Problem requirements —
Starting at the line containing "8287 Newfield Circle, Sacramento, CA" and ending at the line containing "von Maderno Ferienwohnung", print every line of the material below exactly, both ends included, and stop there.

Data shown —
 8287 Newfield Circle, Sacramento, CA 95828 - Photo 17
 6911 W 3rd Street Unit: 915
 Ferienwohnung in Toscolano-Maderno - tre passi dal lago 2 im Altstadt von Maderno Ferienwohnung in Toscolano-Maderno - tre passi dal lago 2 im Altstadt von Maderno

* * *

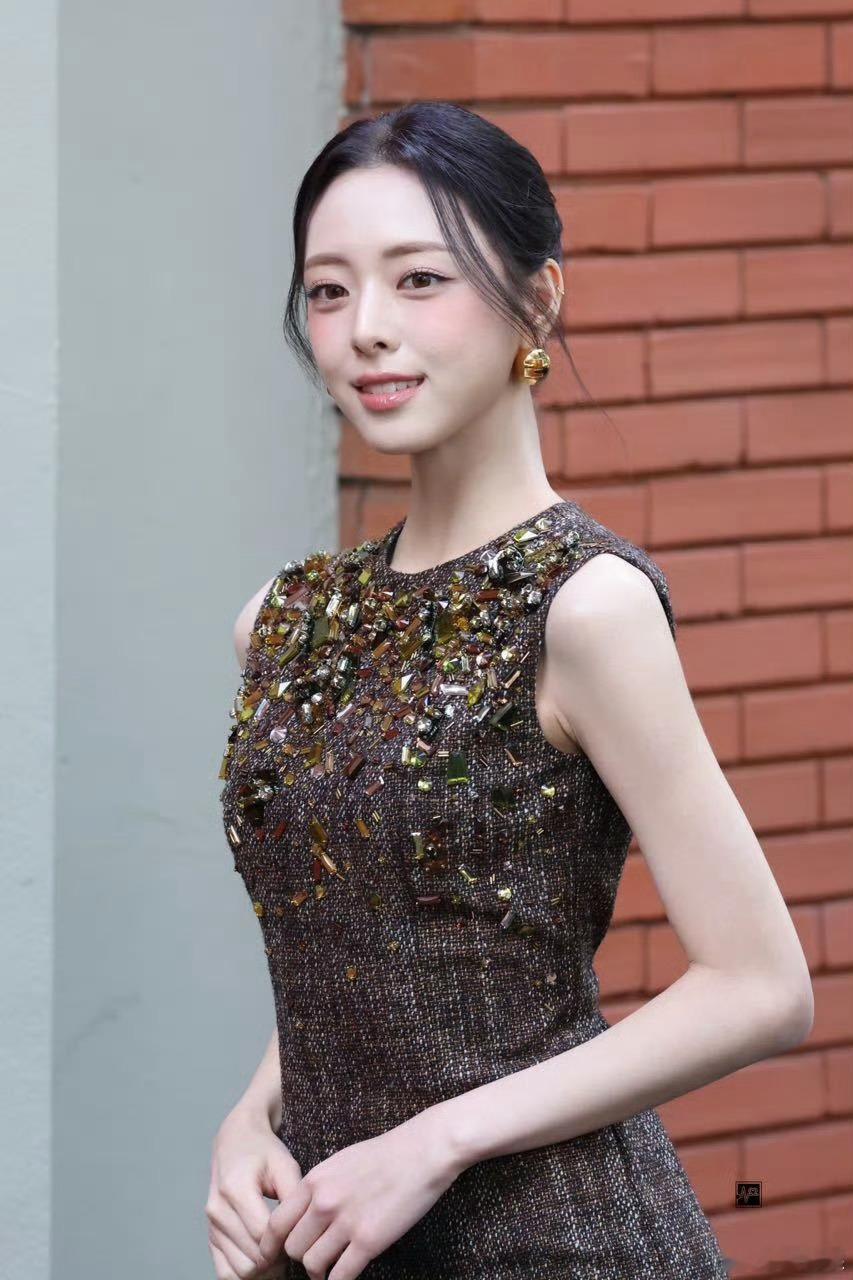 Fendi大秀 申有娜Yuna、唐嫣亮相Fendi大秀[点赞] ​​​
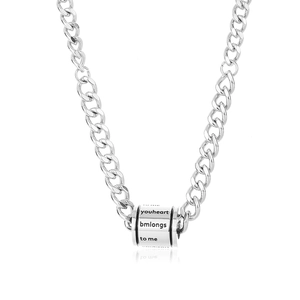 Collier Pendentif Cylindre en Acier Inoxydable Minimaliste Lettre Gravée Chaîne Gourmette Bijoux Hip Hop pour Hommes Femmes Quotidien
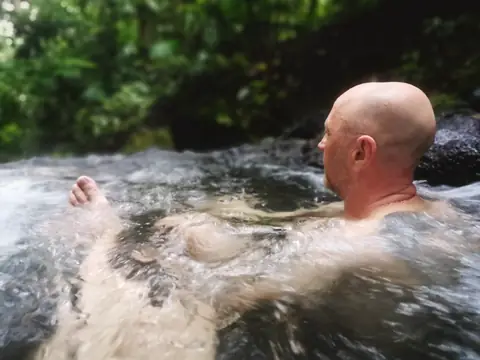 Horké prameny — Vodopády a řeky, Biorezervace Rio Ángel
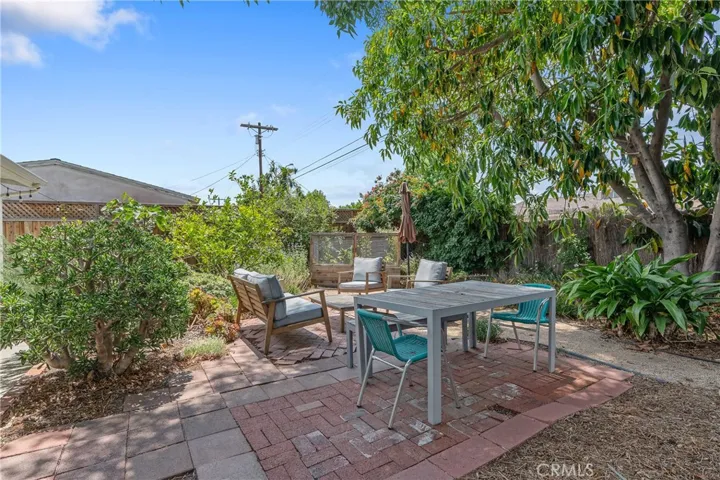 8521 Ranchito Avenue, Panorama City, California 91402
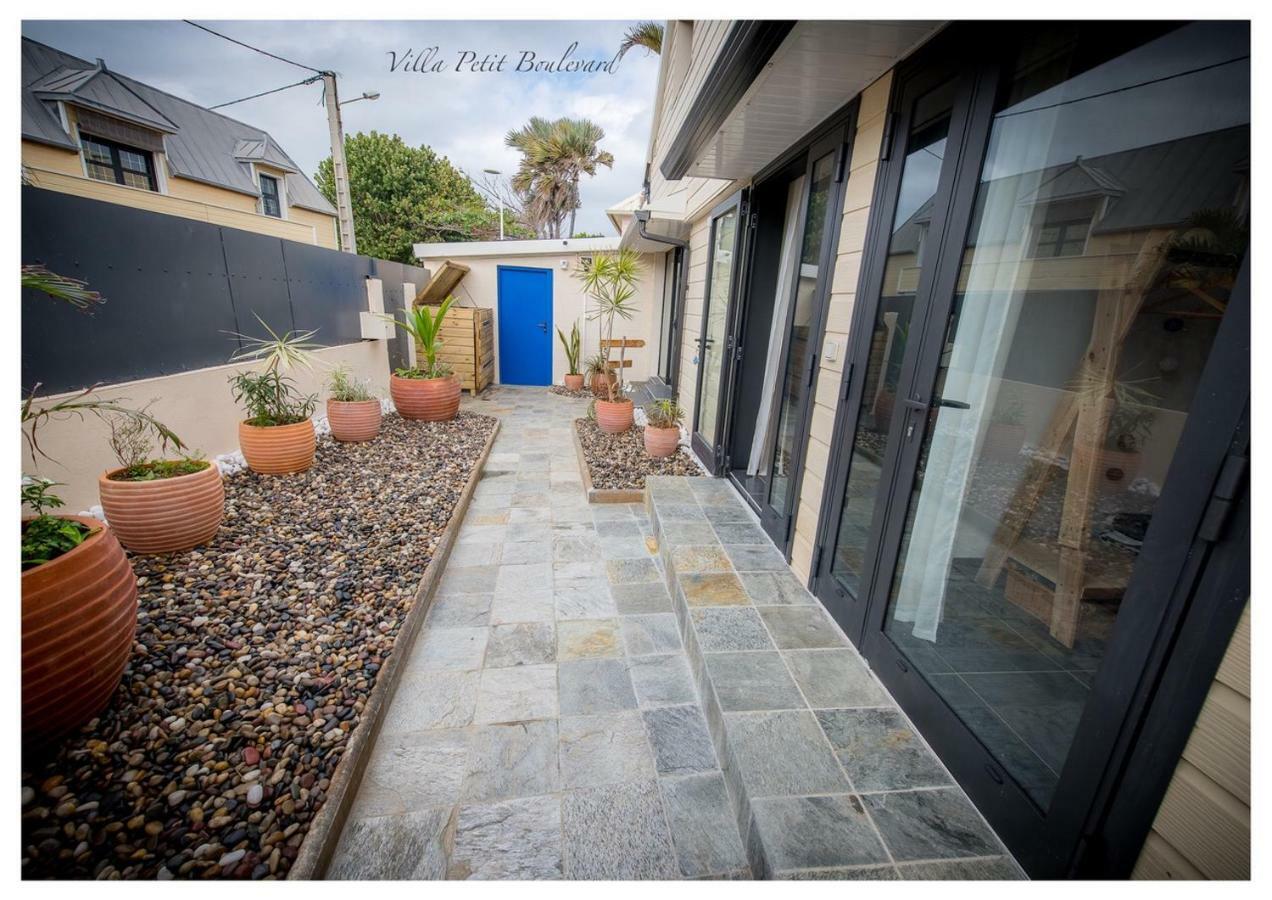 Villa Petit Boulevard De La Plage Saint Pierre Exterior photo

Response area —
 8287 Newfield Circle, Sacramento, CA 95828 - Photo 17
 6911 W 3rd Street Unit: 915
 Ferienwohnung in Toscolano-Maderno - tre passi dal lago 2 im Altstadt von Maderno Ferienwohnung in Toscolano-Maderno - tre passi dal lago 2 im Altstadt von Maderno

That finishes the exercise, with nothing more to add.